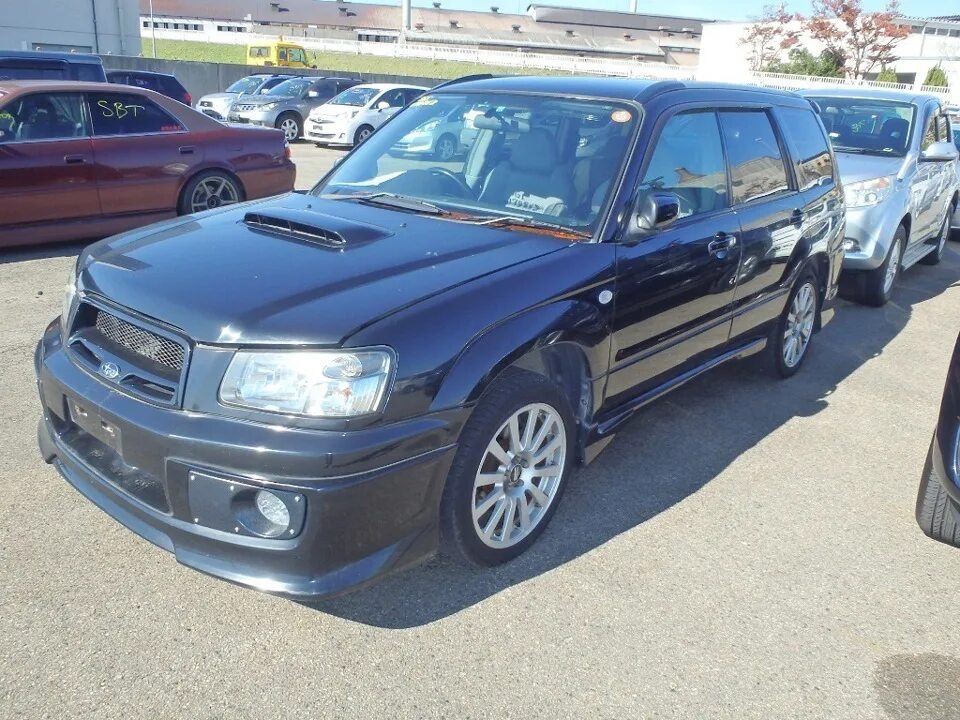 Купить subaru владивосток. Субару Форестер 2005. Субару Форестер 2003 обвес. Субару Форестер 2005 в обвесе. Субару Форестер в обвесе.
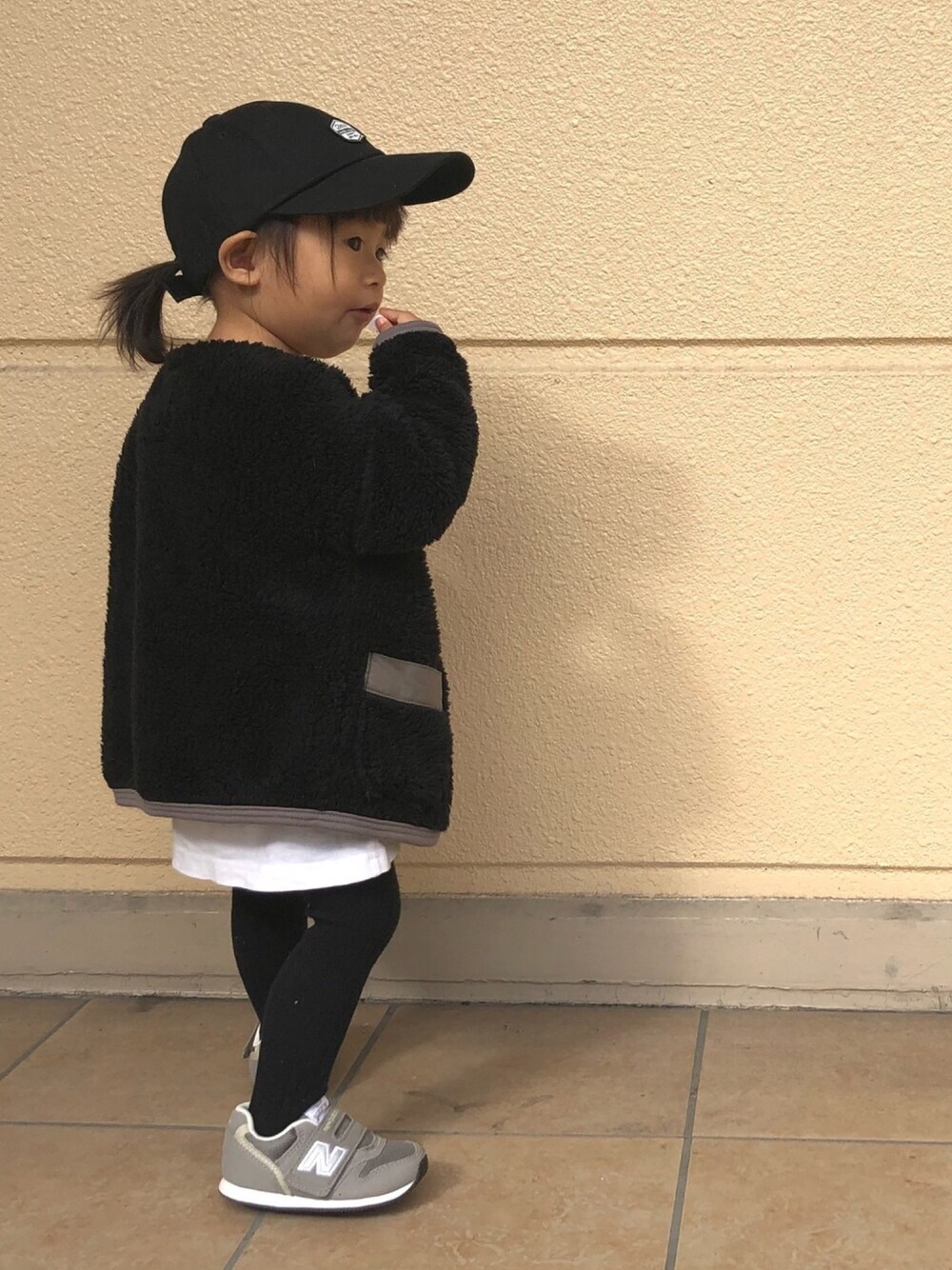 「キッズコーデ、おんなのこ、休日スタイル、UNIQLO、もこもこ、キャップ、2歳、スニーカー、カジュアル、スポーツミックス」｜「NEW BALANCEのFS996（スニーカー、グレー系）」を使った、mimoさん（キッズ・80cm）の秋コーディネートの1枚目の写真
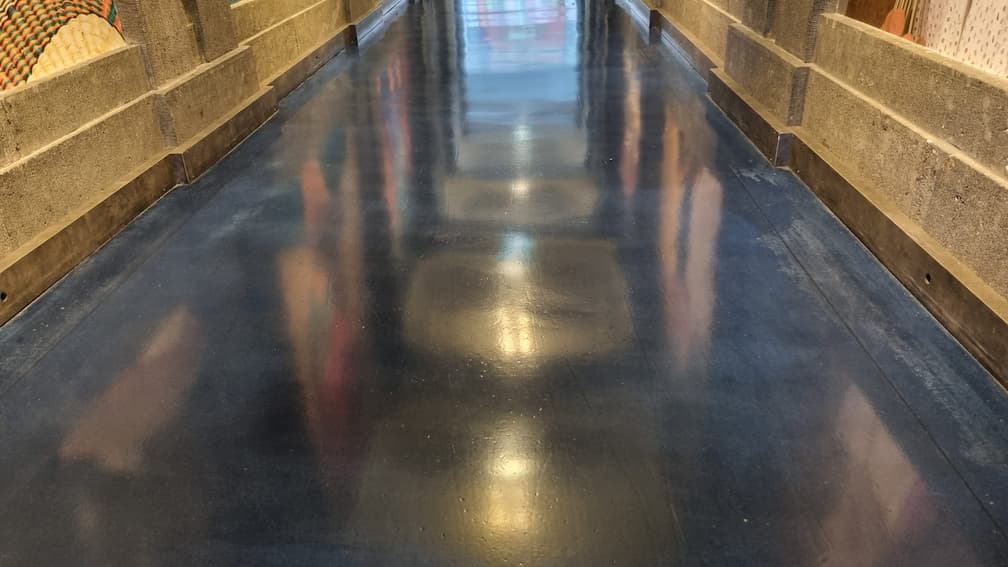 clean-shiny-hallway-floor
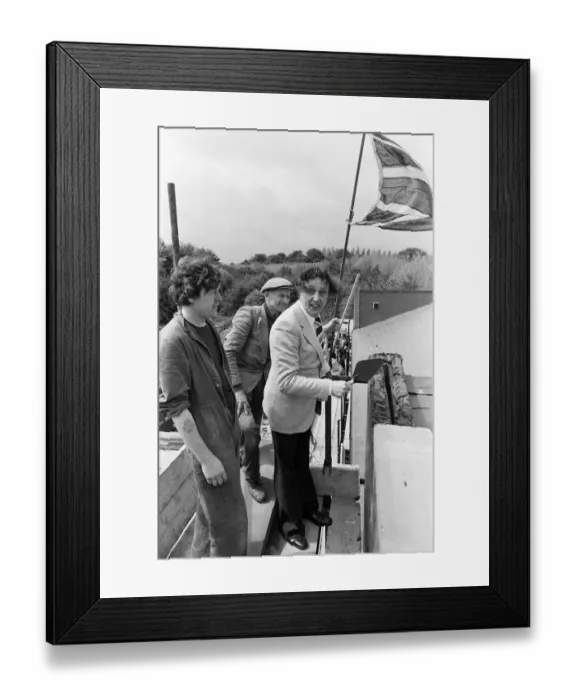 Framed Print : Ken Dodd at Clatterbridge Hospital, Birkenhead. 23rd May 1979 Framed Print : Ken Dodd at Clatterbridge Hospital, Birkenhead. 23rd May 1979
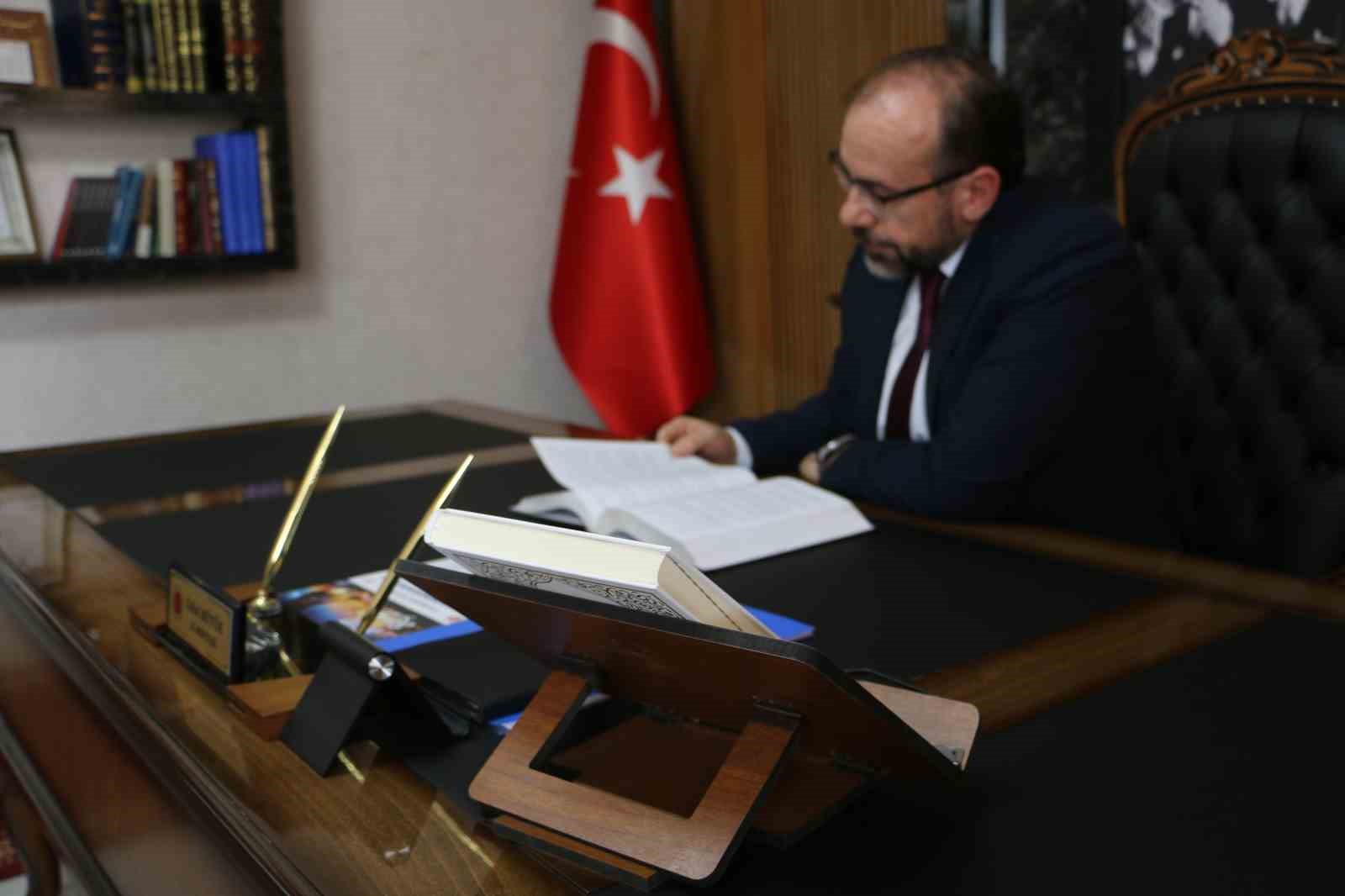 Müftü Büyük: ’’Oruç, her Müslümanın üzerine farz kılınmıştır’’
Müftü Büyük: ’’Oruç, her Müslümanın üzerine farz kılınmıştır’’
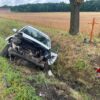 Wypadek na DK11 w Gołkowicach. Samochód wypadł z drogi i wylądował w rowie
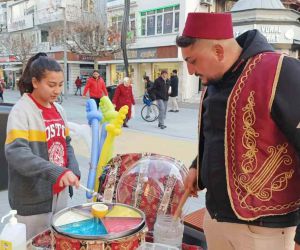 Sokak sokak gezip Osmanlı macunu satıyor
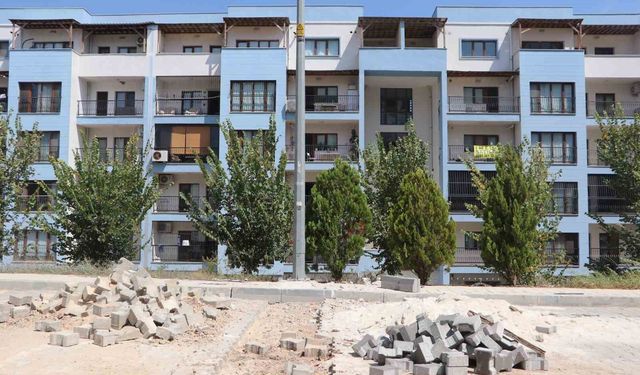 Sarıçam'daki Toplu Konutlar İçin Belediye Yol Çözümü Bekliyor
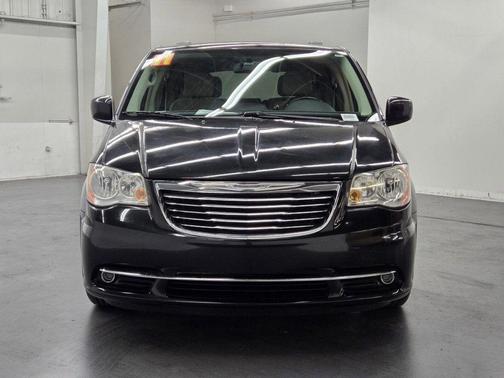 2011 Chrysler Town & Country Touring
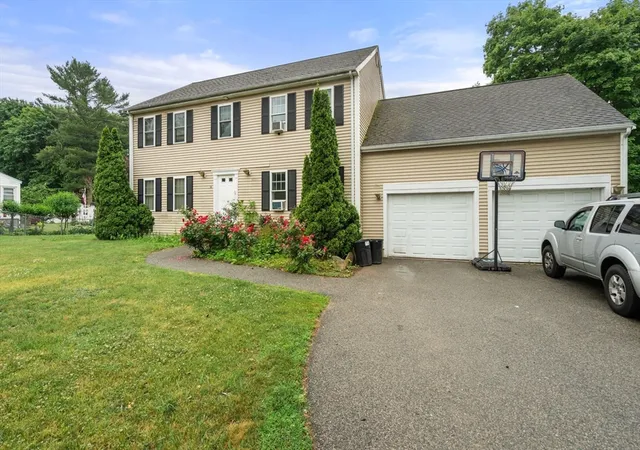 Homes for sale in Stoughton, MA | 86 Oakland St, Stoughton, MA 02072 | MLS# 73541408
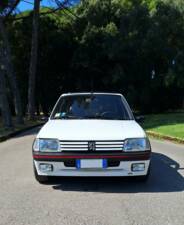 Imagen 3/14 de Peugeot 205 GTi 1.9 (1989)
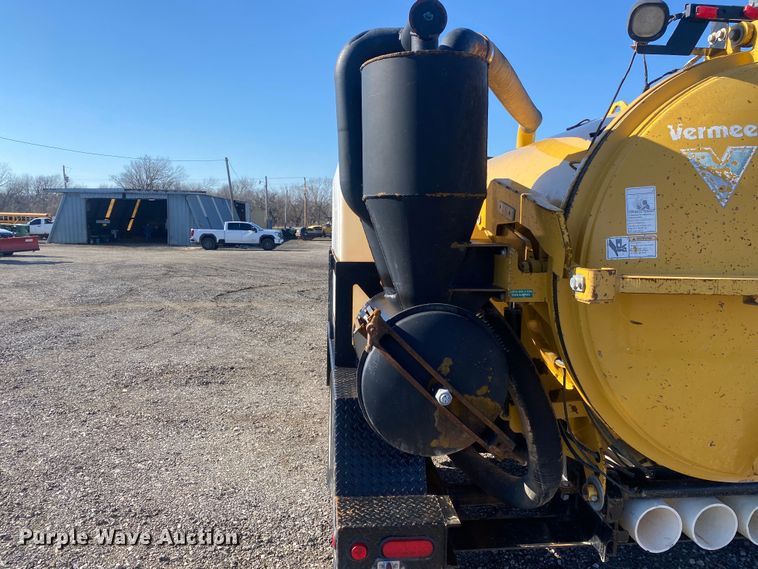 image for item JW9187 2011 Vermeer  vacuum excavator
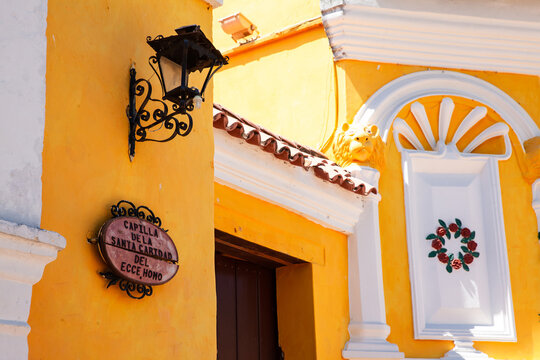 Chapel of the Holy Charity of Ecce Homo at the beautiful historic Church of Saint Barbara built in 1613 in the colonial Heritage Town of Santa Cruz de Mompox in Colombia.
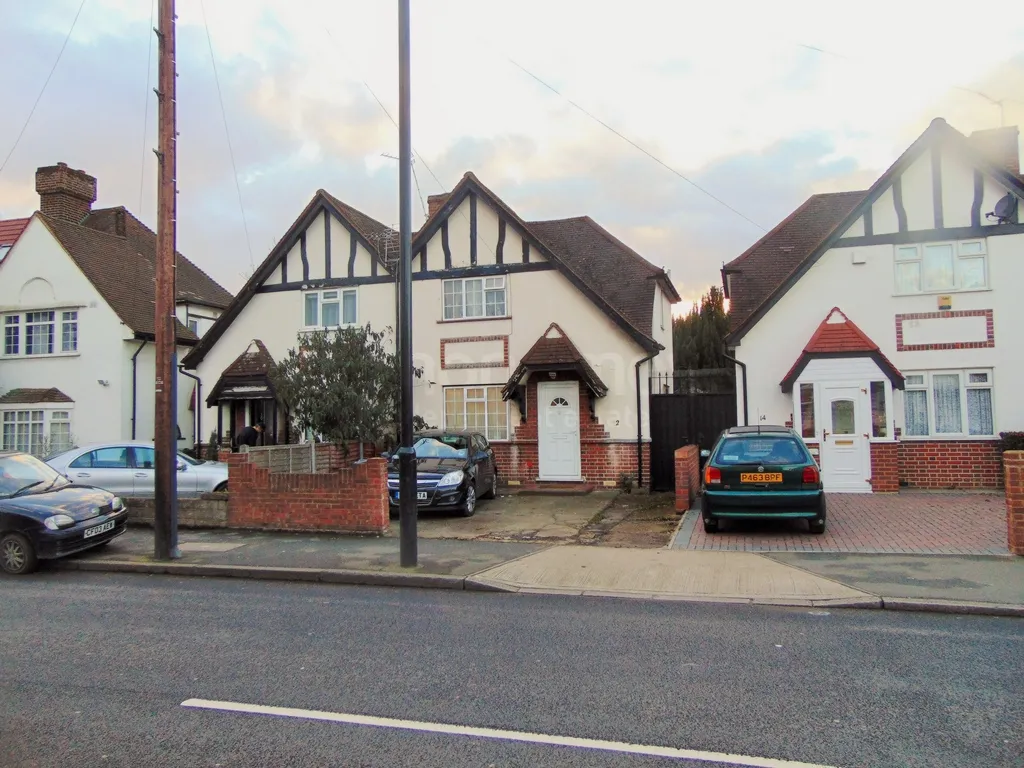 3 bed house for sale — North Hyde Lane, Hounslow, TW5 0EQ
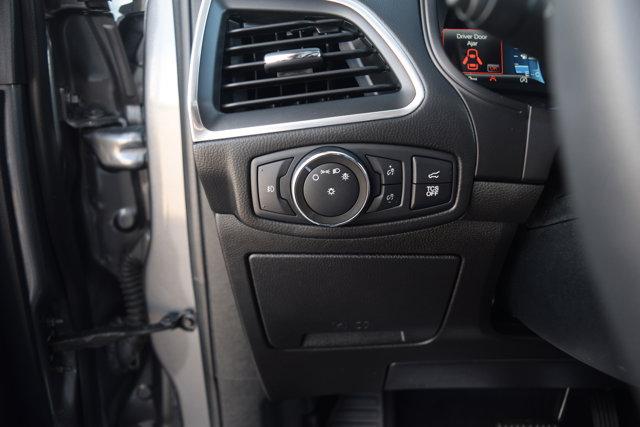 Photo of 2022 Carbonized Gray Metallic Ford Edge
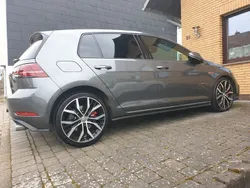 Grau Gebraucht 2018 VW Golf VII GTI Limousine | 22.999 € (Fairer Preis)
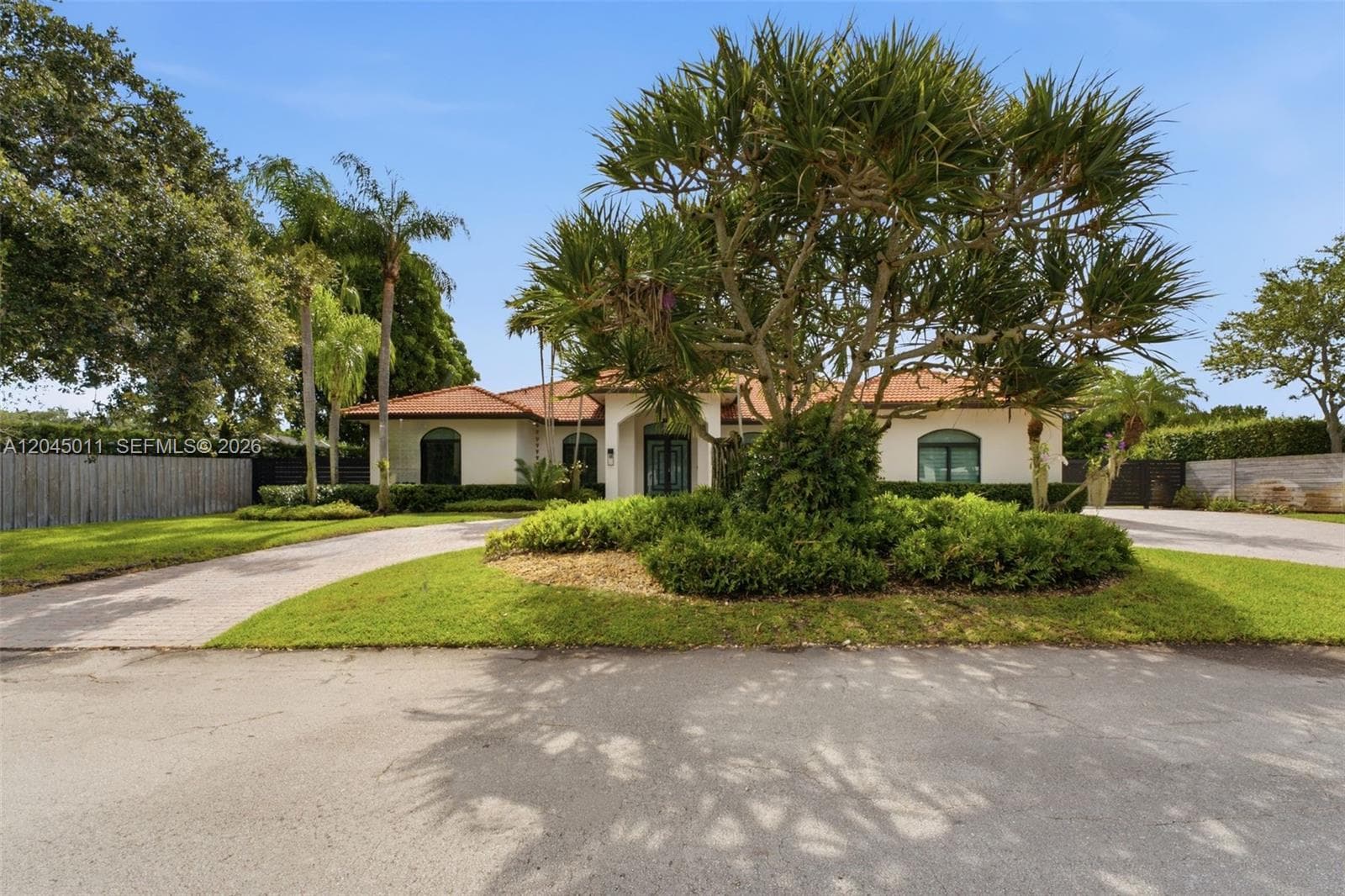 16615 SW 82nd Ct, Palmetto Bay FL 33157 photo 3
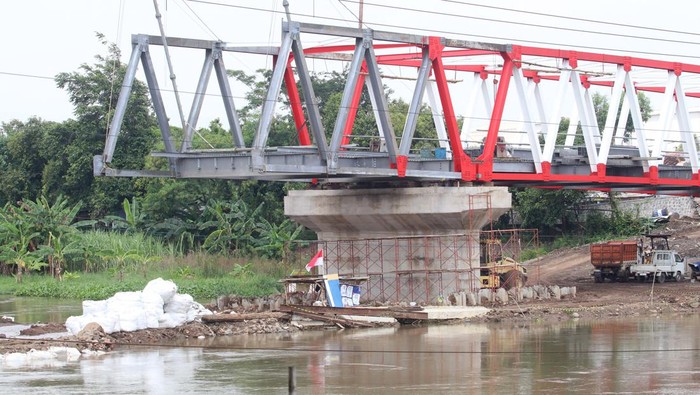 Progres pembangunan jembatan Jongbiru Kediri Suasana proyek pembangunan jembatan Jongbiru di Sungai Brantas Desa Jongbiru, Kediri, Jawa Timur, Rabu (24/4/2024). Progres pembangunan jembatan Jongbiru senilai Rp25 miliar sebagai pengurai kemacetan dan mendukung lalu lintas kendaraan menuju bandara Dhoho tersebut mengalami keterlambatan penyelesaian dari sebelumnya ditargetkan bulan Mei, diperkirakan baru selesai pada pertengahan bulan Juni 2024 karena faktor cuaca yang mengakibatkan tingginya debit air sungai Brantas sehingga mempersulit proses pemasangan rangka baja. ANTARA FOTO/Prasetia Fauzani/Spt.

■ ■ ■ ■

• ABOUT THIS TASK:
In the listing above, find the line containing "Imagen 3/14 de Peugeot 205 GTi 1.9 (1989)" and the line containing "image for item". Reproduce those lines and all between them exactly, with no pictures and nothing more.

• ANSWER TO THE EXERCISE:
 Imagen 3/14 de Peugeot 205 GTi 1.9 (1989)
 image for item JW9187 2011 Vermeer  vacuum excavator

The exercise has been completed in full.